On September 9, 1919, Dr. Bertrand Barahona resigned the executive command in the Council of Ministers and together with Dr. Nazario Soriano, Froilán Turcios, Andrés Soriano and other friends and supporters, he went to San Lorenzo, in two cars that carried the front covered with the flag of the United States of America, so as not to be arrested, from there they left for the United States. the council by the Minister of Government Salvador Aguirre who was in command of the administration until September 16, when it was taken over by Doctor Vicente Mejía Colindres, who served as Minister of Foreign Affairs, until October 5. After the resignation of President Bertrand, and a few days before the entry into Tegucigalpa of General López Gutiérrez's troops, his brother, Antonio López Gutiérrez, wrote to the Latin American Division of the State Department: "... it is necessary that a strong and central government is created. We wish the State Department to give us its moral support to this end. "

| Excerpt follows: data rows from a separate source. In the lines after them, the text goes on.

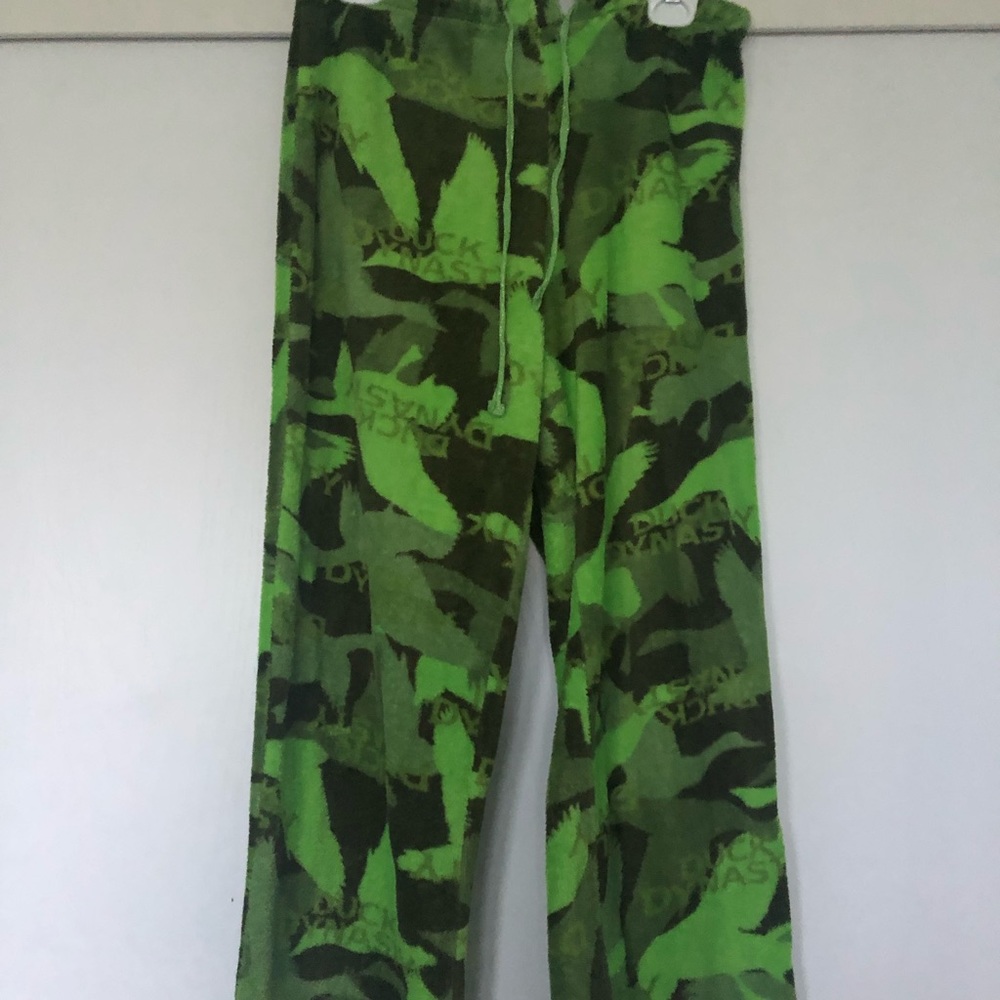 Duck Dynasty pajama bottoms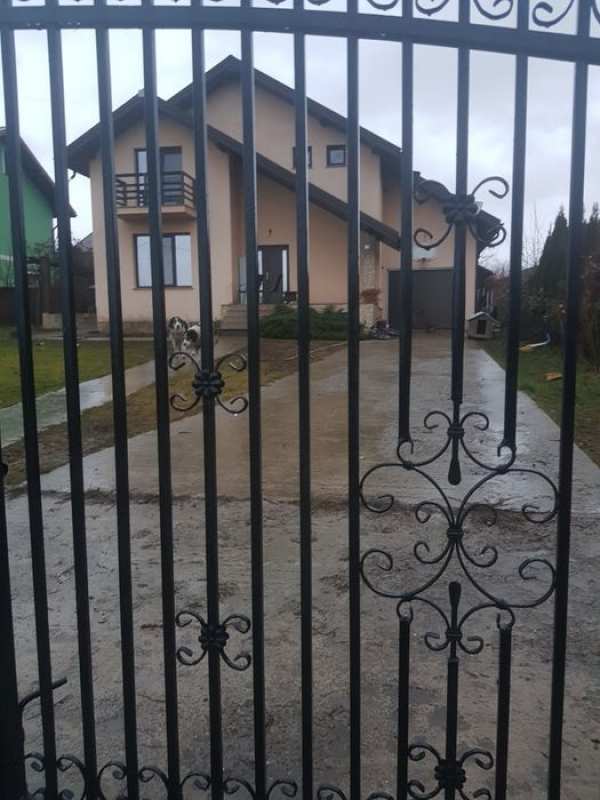 Închiriez casa Valea Adanca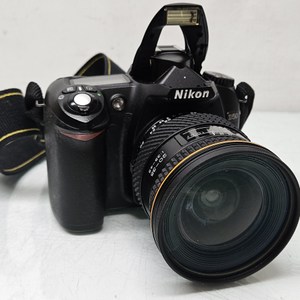 Nikon D50 DSLR 6.1MP Camera Bundle with Tokina 20-33mm Lens, Bag and Batteries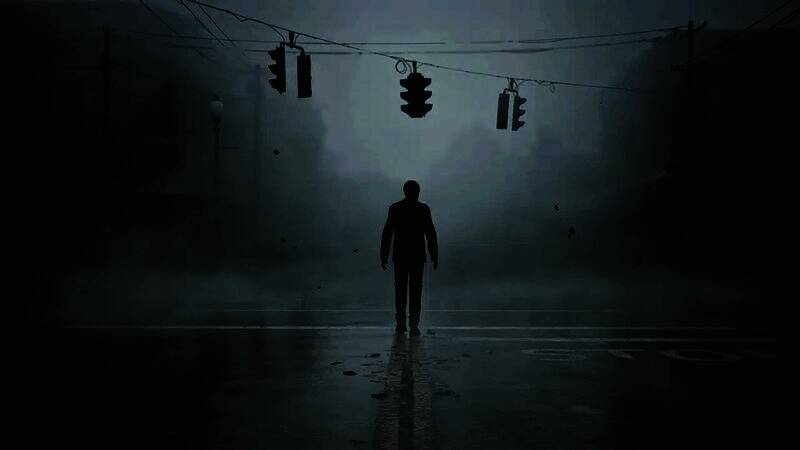 《寂静岭》经典场景再现，浓雾笼罩的街道上孤独的身影缓缓前行，氛围压抑而神秘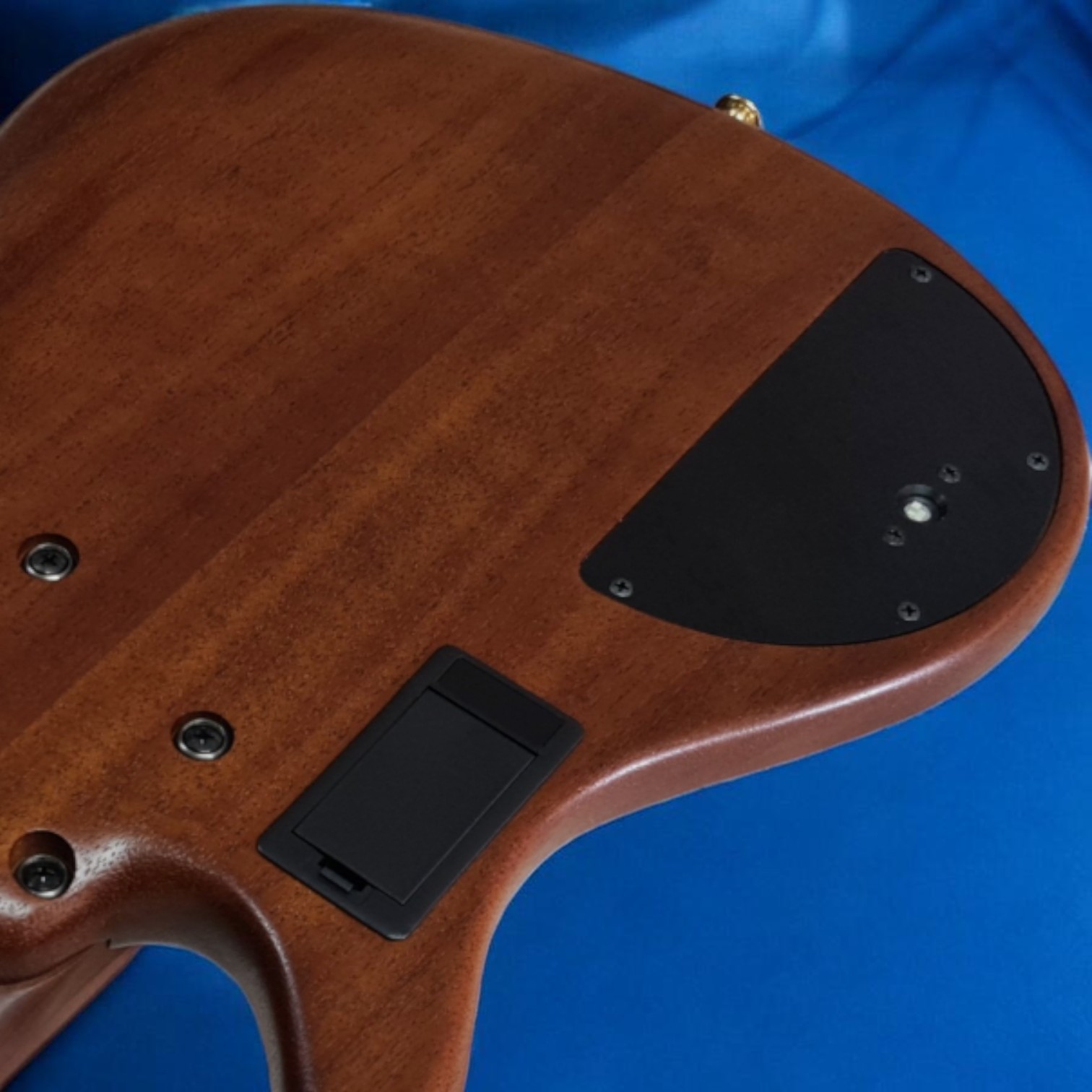Sistema HexaMid Control y Cavidad Ibanez SR5506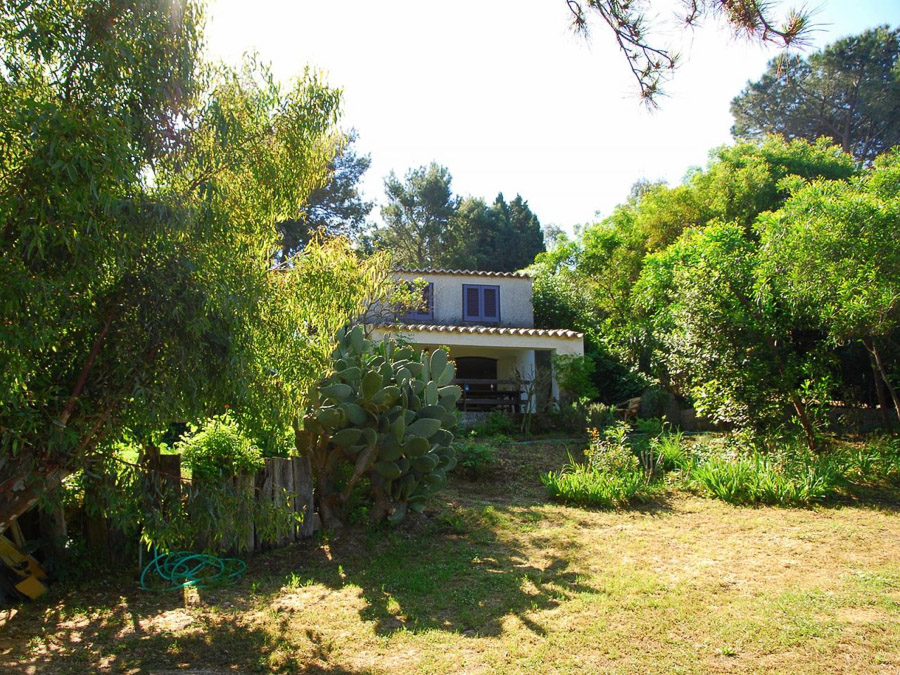  Casa Portico – Reizendes Ferienhaus mit großer Veranda am Capo Vaticano in Kalabrien, Italien - Garten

The National Congress of Honduras ordered to place in the provisional presidency Doctor Francisco Bográn Barahona, who took office on October 5 and summoned the people to hold general elections.

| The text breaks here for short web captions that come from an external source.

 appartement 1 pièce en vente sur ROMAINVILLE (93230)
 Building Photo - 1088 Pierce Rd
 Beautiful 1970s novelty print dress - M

Woodrow Wilson, president of the United States of America, sent the USS “San José” to Amapala on the southern coasts of Honduras, so that with dialogue, the war could be ended and democracy returned. Likewise, the Salvadoran insurgents acting under the orders of the rebels were captured.

== Military tactics ==
- The rebel army used the night and in the dark they attacked the government barracks and buildings.
- The attacks were fast and massive.
- The machine gun was used.

== Post war ==
- After the civil war, General Rafael López Gutiérrez emerged as the presidential candidate of the Liberal Party of Honduras, who entered the city of Tegucigalpa in triumph on September 17 and in turn left the Doctor and General Tiburcio Carias Andino in part with the Pretensions to carry out a counter revolution by not accepting Gutiérrez, as a presidential candidate, against the formula of the National Democratic Party lawyer Alberto de Jesús Membreño and Antonio Madrid.
- Elections are held in October and General Rafael López Gutiérrez is victorious and Doctor José María Ochoa Velásquez is the victor, who took office on February 1, 1920.

== Consequences ==
- The Honduran Government made sure to maintain and train a better Honduran Armed Forces and create a loyal Air Force.
- Transnational companies (banana, mining) 12 took over most of the coastal land in northern Honduras.
- It caused poverty, malnutrition, poor wages, poor health care for employees.
- Creation of a union by the employees of the Transnationals.
- Foundation of the Communist Party of Honduras.
- Peace Treaty between the Central American countries.